• **WHAT TO DO**: Lines holding the string "floors" in the listing below are to be copied.

• **DATA PROVIDED**:

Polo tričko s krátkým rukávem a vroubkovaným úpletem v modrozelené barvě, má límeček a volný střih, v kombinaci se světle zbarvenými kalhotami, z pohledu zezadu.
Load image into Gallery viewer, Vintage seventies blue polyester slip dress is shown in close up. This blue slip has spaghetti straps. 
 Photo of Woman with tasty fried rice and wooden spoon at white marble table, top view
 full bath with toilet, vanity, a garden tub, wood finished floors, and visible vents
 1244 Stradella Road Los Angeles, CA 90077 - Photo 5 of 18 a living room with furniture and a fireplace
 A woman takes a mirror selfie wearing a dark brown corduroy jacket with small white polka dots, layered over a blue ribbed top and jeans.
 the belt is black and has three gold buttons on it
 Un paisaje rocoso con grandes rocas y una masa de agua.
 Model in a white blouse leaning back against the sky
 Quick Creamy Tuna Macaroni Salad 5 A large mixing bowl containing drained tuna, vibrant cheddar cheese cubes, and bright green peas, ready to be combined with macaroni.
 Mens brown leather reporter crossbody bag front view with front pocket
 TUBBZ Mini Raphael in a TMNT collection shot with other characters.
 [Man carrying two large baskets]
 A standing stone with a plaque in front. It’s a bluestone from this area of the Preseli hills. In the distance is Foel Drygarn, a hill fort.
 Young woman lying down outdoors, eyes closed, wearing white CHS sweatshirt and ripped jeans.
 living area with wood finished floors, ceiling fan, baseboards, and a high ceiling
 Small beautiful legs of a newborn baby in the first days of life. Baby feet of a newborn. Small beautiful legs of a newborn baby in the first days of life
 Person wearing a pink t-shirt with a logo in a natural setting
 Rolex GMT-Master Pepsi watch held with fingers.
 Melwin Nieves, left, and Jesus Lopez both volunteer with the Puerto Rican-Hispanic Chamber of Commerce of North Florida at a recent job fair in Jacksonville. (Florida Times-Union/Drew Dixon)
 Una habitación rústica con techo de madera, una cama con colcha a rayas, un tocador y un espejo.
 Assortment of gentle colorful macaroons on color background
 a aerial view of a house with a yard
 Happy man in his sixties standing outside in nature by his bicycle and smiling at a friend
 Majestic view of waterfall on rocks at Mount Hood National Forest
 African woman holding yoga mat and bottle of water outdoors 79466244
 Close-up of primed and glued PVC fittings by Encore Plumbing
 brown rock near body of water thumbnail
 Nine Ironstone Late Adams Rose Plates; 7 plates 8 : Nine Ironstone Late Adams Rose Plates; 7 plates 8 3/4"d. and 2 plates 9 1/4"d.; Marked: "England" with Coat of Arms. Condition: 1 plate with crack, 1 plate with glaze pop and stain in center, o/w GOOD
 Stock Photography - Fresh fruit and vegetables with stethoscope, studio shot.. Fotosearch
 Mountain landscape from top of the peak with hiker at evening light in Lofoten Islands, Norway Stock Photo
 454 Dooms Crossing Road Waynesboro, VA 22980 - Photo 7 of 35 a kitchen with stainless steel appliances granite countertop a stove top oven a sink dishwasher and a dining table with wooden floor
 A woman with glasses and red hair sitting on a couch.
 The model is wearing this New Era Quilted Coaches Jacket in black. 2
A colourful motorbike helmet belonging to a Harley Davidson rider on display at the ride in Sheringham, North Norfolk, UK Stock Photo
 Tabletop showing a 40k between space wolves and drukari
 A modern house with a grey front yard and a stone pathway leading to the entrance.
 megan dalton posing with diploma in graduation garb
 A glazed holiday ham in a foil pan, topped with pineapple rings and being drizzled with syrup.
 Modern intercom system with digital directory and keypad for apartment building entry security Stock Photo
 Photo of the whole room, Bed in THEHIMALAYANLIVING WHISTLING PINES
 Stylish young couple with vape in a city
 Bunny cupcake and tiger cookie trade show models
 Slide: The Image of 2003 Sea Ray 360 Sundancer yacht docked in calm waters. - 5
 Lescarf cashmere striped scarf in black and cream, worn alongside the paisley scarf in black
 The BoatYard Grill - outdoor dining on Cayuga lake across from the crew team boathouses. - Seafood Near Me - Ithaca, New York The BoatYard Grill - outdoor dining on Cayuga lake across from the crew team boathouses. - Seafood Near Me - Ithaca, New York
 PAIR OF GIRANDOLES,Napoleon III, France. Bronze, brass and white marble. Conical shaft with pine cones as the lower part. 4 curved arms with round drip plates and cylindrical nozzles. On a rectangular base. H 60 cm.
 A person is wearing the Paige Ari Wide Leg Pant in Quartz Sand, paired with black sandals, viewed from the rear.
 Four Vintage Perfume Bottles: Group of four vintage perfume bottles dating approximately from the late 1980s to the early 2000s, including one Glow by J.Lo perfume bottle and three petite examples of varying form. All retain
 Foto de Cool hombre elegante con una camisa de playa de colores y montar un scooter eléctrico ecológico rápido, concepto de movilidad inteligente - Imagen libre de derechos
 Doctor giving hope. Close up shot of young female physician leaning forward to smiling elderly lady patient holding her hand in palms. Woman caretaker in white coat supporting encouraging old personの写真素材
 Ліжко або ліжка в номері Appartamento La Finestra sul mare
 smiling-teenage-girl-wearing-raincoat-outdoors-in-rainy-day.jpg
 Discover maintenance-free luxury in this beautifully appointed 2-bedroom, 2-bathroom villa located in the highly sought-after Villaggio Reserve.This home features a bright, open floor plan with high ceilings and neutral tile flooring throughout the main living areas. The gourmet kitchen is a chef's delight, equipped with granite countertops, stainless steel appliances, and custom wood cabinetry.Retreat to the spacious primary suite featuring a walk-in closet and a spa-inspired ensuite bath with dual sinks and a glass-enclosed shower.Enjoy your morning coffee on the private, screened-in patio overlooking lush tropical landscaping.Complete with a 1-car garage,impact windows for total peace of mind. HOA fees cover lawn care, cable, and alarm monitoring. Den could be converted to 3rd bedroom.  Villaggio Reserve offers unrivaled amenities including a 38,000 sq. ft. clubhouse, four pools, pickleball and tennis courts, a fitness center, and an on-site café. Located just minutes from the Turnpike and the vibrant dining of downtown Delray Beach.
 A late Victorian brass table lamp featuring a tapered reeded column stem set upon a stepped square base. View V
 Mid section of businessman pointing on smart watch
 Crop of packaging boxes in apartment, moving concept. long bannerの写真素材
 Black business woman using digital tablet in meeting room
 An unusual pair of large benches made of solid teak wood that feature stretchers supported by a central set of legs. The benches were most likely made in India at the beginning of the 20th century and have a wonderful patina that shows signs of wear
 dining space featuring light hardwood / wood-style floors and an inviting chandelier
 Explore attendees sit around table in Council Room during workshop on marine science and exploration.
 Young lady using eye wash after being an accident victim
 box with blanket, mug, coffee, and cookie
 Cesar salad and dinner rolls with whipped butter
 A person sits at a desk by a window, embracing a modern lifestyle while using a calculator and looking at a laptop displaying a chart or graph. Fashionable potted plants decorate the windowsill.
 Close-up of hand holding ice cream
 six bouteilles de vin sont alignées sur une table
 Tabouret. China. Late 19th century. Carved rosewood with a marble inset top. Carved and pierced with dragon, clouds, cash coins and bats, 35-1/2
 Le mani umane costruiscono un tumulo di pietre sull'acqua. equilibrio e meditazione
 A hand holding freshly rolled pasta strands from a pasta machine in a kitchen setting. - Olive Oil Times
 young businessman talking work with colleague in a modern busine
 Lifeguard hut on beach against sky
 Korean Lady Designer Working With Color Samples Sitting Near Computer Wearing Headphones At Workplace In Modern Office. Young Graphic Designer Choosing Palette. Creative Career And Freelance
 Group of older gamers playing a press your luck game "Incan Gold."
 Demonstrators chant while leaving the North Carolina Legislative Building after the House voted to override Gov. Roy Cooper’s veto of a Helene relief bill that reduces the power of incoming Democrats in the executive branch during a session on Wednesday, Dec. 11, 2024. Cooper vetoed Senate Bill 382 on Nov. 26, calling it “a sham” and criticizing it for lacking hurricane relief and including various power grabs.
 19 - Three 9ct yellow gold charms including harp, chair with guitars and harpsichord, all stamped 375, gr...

• **TASK RESULT**:
 full bath with toilet, vanity, a garden tub, wood finished floors, and visible vents
 living area with wood finished floors, ceiling fan, baseboards, and a high ceiling
 dining space featuring light hardwood / wood-style floors and an inviting chandelier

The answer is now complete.